MontrealCorpusTools / Montreal-Forced-Aligner

Command line utility for forced alignment using Kaldi
https://montrealcorpustools.github.io/Montreal-Forced-Aligner/
MIT License
1.32k stars 244 forks source link

File "aligner\corpus.py", line 500, in speaker_utterance_info ZeroDivisionError: division by zero #101

Open RealNicolasBourbaki opened 5 years ago

RealNicolasBourbaki commented 5 years ago

Hi everyone,

So my corpus are bunch of .textgrid files and .wav files. Sampling rates are correct (44k), but when I run this on Windows 10: F:\montreal-forced-aligner>bin\mfa_align F:\hiwi\12november\test F:\montreal-forced-aligner\dictionaries\german.txt german_prosodylab F:\hiwi\12november\result

I got an exception: ZeroDivisionError

how?

forwiat commented 5 years ago

Hi everyone,

So my corpus are bunch of .textgrid files and .wav files. Sampling rates are correct (44k), but when I run this on Windows 10: F:\montreal-forced-aligner>bin\mfa_align F:\hiwi\12november\test F:\montreal-forced-aligner\dictionaries\german.txt german_prosodylab F:\hiwi\12november\result

I got an exception: ZeroDivisionError

how?

did you solve this problem?

forwiat commented 5 years ago

Hi everyone,

So my corpus are bunch of .textgrid files and .wav files. Sampling rates are correct (44k), but when I run this on Windows 10: F:\montreal-forced-aligner>bin\mfa_align F:\hiwi\12november\test F:\montreal-forced-aligner\dictionaries\german.txt german_prosodylab F:\hiwi\12november\result

I got an exception: ZeroDivisionError

how?

I got the same problem,but now I solved it .Please check your filename ,for example, replace 'xxx.wav xxx' to 'xxx xxx'

MalcolmSlaney commented 5 years ago

I think this comes about because MFA didn't find any files to process (thus zero speakers). In my case it was caused by having .wav files with floating point data, but I believe anything that causes MFA to not find the audio and text data will cause this.

mmcauliffe commented 5 years ago

Yes, at the moment there's some audio preprocessing/inspection that's done in Python, which doesn't support as many formats as I would like, so I'd like to move over to sox for this kind of thing. In the meantime you might be able to resample/resave using sox or Praat into a WAV format known to be supported (i.e., 16kHz, 16-bit).

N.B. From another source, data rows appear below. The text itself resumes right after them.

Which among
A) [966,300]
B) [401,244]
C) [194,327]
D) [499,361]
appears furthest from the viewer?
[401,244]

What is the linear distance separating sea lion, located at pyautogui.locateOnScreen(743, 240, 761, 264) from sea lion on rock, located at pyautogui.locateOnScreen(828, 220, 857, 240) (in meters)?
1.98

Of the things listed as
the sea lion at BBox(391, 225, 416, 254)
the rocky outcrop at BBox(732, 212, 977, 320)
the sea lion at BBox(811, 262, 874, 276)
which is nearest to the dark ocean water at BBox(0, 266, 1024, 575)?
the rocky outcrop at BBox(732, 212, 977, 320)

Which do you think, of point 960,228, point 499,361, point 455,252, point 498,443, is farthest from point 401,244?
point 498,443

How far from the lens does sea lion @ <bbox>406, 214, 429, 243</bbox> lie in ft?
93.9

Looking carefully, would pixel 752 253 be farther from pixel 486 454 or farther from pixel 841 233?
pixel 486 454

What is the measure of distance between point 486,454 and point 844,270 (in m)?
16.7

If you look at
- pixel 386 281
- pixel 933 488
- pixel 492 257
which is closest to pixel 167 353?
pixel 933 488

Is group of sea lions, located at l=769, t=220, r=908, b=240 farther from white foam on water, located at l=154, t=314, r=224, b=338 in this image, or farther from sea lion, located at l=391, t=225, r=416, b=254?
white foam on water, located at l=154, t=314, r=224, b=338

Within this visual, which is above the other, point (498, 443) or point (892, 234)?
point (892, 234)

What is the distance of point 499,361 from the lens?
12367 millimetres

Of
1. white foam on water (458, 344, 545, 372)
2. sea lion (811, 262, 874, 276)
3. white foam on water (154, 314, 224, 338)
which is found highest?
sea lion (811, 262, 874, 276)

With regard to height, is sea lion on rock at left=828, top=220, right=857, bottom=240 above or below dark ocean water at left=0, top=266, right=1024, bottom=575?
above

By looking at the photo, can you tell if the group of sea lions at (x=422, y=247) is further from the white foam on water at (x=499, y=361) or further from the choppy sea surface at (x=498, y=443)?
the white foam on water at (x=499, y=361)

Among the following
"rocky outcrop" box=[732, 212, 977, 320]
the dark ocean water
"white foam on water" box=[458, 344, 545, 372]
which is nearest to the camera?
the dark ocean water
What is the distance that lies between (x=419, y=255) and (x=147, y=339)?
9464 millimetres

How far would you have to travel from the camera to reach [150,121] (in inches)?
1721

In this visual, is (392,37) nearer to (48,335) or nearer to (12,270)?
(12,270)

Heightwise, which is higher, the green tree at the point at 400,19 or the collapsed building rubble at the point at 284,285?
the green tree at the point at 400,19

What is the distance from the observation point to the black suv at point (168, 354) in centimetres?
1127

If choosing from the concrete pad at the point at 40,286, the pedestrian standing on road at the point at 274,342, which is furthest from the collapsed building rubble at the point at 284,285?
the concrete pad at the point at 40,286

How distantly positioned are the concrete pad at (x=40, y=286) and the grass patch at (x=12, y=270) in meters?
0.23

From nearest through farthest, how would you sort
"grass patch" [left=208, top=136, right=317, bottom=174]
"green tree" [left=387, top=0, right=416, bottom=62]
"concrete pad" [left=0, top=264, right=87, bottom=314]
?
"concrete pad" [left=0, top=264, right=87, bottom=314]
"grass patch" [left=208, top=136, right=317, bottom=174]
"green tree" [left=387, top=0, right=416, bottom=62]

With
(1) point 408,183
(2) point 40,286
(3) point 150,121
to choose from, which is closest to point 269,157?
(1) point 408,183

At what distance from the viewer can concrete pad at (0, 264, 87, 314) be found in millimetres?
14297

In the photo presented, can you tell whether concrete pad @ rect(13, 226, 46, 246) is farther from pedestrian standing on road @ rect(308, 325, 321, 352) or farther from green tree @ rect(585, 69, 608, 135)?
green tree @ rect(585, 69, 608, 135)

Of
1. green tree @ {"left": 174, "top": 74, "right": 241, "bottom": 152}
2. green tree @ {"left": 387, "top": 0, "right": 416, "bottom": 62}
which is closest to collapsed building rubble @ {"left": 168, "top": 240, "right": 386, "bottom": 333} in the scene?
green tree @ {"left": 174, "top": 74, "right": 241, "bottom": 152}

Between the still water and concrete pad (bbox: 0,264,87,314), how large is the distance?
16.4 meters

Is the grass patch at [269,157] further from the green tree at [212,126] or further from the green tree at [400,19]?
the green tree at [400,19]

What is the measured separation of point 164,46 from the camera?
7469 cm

RealNicolasBourbaki commented 5 years ago

Thank you guys, that are all very helpful! I resampled the files with sox as Michael @mmcauliffe said and the problem has gone.

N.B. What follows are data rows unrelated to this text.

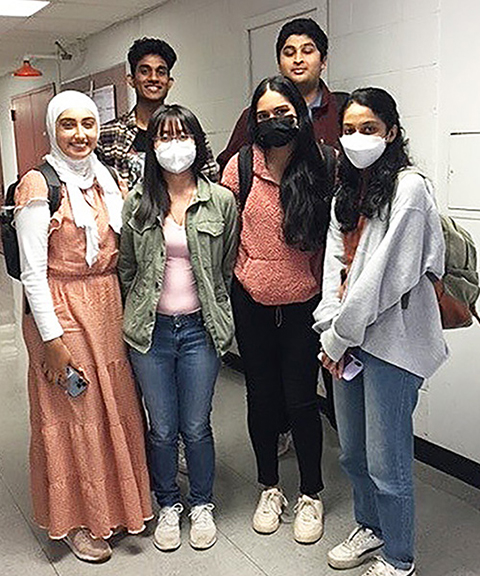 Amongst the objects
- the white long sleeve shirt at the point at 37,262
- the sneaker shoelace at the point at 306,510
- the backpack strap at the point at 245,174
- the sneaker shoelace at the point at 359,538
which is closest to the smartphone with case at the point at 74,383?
the white long sleeve shirt at the point at 37,262

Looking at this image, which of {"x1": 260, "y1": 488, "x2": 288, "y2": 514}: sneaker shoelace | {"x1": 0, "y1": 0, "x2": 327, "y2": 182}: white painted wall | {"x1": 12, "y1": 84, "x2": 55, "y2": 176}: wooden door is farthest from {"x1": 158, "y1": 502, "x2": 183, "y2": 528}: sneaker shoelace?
{"x1": 12, "y1": 84, "x2": 55, "y2": 176}: wooden door

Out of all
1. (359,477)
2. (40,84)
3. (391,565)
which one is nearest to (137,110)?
(359,477)

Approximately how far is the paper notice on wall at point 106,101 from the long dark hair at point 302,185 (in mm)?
3410

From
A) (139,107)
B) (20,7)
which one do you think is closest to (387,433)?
(139,107)

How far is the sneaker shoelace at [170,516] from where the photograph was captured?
2.29 m

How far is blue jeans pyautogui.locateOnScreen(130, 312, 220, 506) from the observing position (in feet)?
6.98

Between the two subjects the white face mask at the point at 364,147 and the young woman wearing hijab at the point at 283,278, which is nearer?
the white face mask at the point at 364,147

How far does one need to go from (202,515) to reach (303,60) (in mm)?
1714

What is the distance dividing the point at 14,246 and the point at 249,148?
83cm

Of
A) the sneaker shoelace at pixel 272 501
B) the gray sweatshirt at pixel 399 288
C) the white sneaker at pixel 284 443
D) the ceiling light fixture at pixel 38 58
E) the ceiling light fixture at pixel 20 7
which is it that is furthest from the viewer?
the ceiling light fixture at pixel 38 58

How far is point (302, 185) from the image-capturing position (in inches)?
82.0

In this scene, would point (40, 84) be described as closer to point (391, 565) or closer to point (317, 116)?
point (317, 116)

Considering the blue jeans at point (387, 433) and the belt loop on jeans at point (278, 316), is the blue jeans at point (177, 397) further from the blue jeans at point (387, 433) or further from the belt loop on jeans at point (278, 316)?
the blue jeans at point (387, 433)

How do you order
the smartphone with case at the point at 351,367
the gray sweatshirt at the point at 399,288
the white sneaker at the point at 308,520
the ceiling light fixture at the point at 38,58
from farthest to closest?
1. the ceiling light fixture at the point at 38,58
2. the white sneaker at the point at 308,520
3. the smartphone with case at the point at 351,367
4. the gray sweatshirt at the point at 399,288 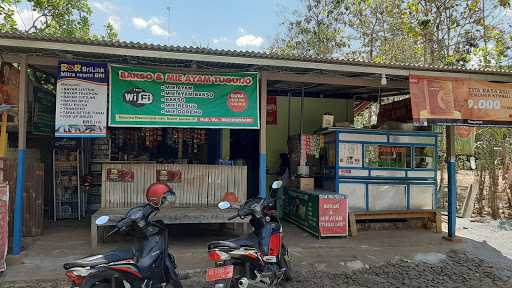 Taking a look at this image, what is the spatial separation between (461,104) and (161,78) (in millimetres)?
5371

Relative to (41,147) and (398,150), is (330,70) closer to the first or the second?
(398,150)

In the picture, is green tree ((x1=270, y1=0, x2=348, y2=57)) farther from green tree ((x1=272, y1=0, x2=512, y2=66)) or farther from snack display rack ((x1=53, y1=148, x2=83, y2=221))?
snack display rack ((x1=53, y1=148, x2=83, y2=221))

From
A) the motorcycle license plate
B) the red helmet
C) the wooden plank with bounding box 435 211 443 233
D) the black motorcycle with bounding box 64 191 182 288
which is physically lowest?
the wooden plank with bounding box 435 211 443 233

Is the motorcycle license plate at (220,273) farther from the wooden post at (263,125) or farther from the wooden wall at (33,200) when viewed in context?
the wooden wall at (33,200)

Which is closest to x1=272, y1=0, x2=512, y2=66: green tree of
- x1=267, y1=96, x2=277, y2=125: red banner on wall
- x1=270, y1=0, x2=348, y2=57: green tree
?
x1=270, y1=0, x2=348, y2=57: green tree

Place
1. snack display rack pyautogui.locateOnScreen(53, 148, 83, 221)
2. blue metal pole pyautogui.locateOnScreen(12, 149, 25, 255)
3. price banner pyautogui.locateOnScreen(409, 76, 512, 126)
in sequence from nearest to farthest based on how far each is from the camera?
blue metal pole pyautogui.locateOnScreen(12, 149, 25, 255), price banner pyautogui.locateOnScreen(409, 76, 512, 126), snack display rack pyautogui.locateOnScreen(53, 148, 83, 221)

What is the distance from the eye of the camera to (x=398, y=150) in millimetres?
9078

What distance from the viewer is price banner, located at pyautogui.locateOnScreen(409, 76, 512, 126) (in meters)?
7.51

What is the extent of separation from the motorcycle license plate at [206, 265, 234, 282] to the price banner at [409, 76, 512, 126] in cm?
462

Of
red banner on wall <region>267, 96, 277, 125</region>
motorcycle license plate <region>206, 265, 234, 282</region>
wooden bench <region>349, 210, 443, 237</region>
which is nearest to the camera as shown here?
motorcycle license plate <region>206, 265, 234, 282</region>

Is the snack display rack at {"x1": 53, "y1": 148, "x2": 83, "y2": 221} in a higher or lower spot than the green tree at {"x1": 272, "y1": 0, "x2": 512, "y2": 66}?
lower

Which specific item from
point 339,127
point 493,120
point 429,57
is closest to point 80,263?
point 339,127

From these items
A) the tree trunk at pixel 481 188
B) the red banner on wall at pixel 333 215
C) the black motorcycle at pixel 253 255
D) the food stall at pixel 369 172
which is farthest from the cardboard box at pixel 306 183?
the tree trunk at pixel 481 188

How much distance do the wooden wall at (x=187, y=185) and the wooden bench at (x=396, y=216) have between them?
228 cm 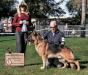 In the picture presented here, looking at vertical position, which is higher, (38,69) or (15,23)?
(15,23)

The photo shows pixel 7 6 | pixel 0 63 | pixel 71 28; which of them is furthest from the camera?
pixel 7 6

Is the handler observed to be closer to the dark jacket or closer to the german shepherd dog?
the dark jacket

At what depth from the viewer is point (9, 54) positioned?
471 inches

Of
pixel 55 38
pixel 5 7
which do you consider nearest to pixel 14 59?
pixel 55 38

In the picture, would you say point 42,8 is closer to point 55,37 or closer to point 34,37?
point 55,37

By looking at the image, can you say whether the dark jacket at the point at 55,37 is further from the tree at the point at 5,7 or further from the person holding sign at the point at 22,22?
the tree at the point at 5,7

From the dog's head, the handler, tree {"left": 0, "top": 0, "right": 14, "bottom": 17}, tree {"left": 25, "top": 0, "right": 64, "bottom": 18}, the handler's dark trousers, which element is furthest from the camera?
tree {"left": 25, "top": 0, "right": 64, "bottom": 18}

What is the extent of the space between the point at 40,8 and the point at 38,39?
52.3 metres

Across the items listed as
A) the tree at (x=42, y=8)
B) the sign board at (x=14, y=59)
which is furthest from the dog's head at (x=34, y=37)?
the tree at (x=42, y=8)

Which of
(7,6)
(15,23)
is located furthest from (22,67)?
(7,6)

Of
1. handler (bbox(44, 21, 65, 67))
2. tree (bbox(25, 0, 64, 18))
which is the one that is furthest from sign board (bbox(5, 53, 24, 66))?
tree (bbox(25, 0, 64, 18))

MckinstryJ commented 3 years ago

Hey all, I'm stuck! Here is the code I used to resample the audio to be of 1 channel and 16kHz.

import os
import wave

import audioop

def downsampleWav(src, dst, inrate=44100, outrate=16000, inchannels=2, outchannels=1):
    if not os.path.exists(src):
        print('Source not found!')
        return False

    if not os.path.exists(os.path.dirname(dst)):
        os.makedirs(os.path.dirname(dst))

    try:
        s_read = wave.open(src, 'r')
        s_write = wave.open(dst, 'w')
    except:
        print('Failed to open files!')
        return False

    n_frames = s_read.getnframes()
    data = s_read.readframes(n_frames)

    try:
        converted = audioop.ratecv(data, 2, inchannels, inrate, outrate, None)
        if outchannels == 1:
            converted = audioop.tomono(converted[0], 2, 1, 0)
    except:
        print('Failed to downsample wav')
        return False

    try:
        s_write.setparams((outchannels, 2, outrate, 0, 'NONE', 'Uncompressed'))
        s_write.writeframes(converted)
    except:
        print('Failed to write wav')
        return False

    try:
        s_read.close()
        s_write.close()
    except:
        print('Failed to close wav files')
        return False

    return True

in_path = 'C:/Users/McKinstryJohn/Desktop/.../Resampled/wavs/'
out_path = 'C:/Users/McKinstryJohn/Desktop/.../Resampled/resampled/'

sr = 0

for file in os.listdir(in_path):
    if file.endswith('.wav'):
        with wave.open(os.path.join(in_path + file), 'rb') as wav_file:
            sr = wav_file.getframerate()

        downsampleWav(os.path.join(in_path + file), os.path.join(out_path + file),
                          inrate=sr, outrate=16000)

However, when I run (on Windows 10)...

mfa align ./resampled ./librispeech-lexicon.txt english ./output'

...I get the ZeroDivisonError. This is on new audio files but what could be the issue here?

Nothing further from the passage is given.